Dijelaskan Haris, operasi itu memiliki pembagian peran: Pertama, operasi tertutup, propaganda menyebarkan broadcast informasi atribut-atribut “PKI” atau “Komunis” seperti di Palembang beredar berbagai striker PKI. Penyebaran informasi perihal PKI juga banyak beredar di jejaring media sosial yang luas digunakan publik Indonesia seperti Facebook, Twitter, Instagram.

“Kami melihat ada beberapa motif yakni menunjukkan bahwa PKI masih ada, menyulut rasa ketidaksukaan kelompok sosial lainnya yang cenderung berada di garis konservatif,” kata Haris.

Operasi berikutnya adalah mobilisasi (kelompok) masyarakat untuk memelihara ketakutan dan perasaan adanya ancaman, sekaligus mendatangi organisasi-organisasi tertentu dan menuduh komunisme. Dan terakhir, lanjut Haris, operasi tertutup yang kemudian menarik para pengambil kebijakan keamanan untuk bertindak restriktif dan represif dengan menekan kelompok-kelompok ekspresi menggunakan hukum secara serampangan.

Diketahui bahwa hari ini (12/5) Mabes Polri melalui Divisi Hukum akan menggelar Focus Group Discussion: Kajian Yuridis Larangan Ajaran Komunisme/Marxisme-Leninisme di Indonesia dengan mengutip peristiwa pembubaran nonton film Pulau Buru Tanah Air Beta yang diselenggarakan oleh AJI Yogyakarta dan berupaya untuk membenarkan tindakan legal guna melarang ajaran “Komunisme/Marxisme-Leninisme sebagai bahan ajar bagi pimpinan Polri untuk mengambil tindakan hukum.

“Operasi ini terjadi akibat kegamangan pemerintahan Joko Widodo dalam menyelesaikan pelanggaran HAM berat. Ketidakpatuhan hukum oleh Komnas HAM, Jaksa Agung dan Presiden berdampak pada cara-cara penyelesaian yang berpotensi memunculkan atau “sengaja menciptakan” konflik sosial atau operasi tertentu,” beber dia.
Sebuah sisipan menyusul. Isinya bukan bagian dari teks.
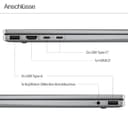 HP Envy x360 2-in-1 Convertible Laptop | AMD Ryzen 5 8640HS | KI optimiert | 14" 2.8K OLED Touch Display | 16GB RAM | 512GB SSD | ‎AMD Radeon Graphics | QWERTZ | Copilot Key | Windows 11 Home | Silber - 11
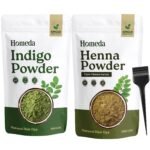 Homeda Organic Henna & Indigo Powder Hair Dye – Chemical Free Natural, 14oz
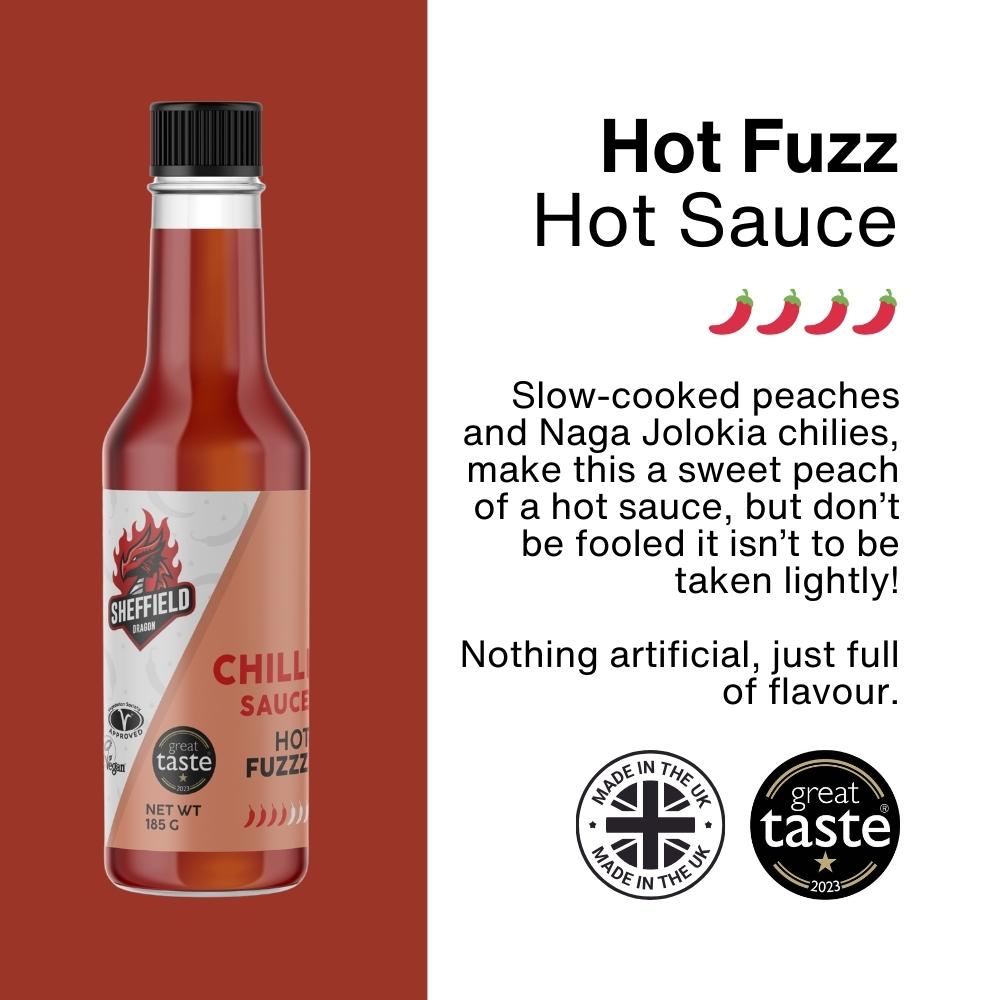 Hot Fuzzz Naga Hot Sauce 🌶️🌶️🌶️🌶️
Kali ini, tambah Haris, tujuan dari operasi dibulan Mei ini adalah untuk menolak rencana pengungkapan kejahatan politik Orde Baru yang militeristik, terutama pasca menguatnya upaya identifikasi kuburan masal. Kedua bertujuan untuk membungkam gerakan kelompok kritis dikalangan masyarakat yang makin menguat membongkar berbagai kejahatan negara, baik dimasa lalu maupun yang kini sedang terjadi. Seperti menuduh upaya advokasi tolak reklamasi sebagai komunis, teror terhadap penerbit buku di Yogyakarta.

“Semua operasi ini adalah bentuk ketakutan dari mereka yang diuntungkan oleh praktik korup dan militeristik Orde Baru. Kepentingan mereka sedang terganggu oleh kemajuan dan perubahan zaman. Siapa mereka? Kami meyakini bahwa hal ini tidak susah untuk diungkap oleh pihak Istana. Seperti saat September 2015,” jelasnya.

“Presiden harus hentikan operasi-operasi seperti ini. Jika tidak, maka ke depan kita masih akan disuguhi drama anti komunisme, dan “anti-anti lainnya,” tukasnya.

Temukan juga kami di Google News.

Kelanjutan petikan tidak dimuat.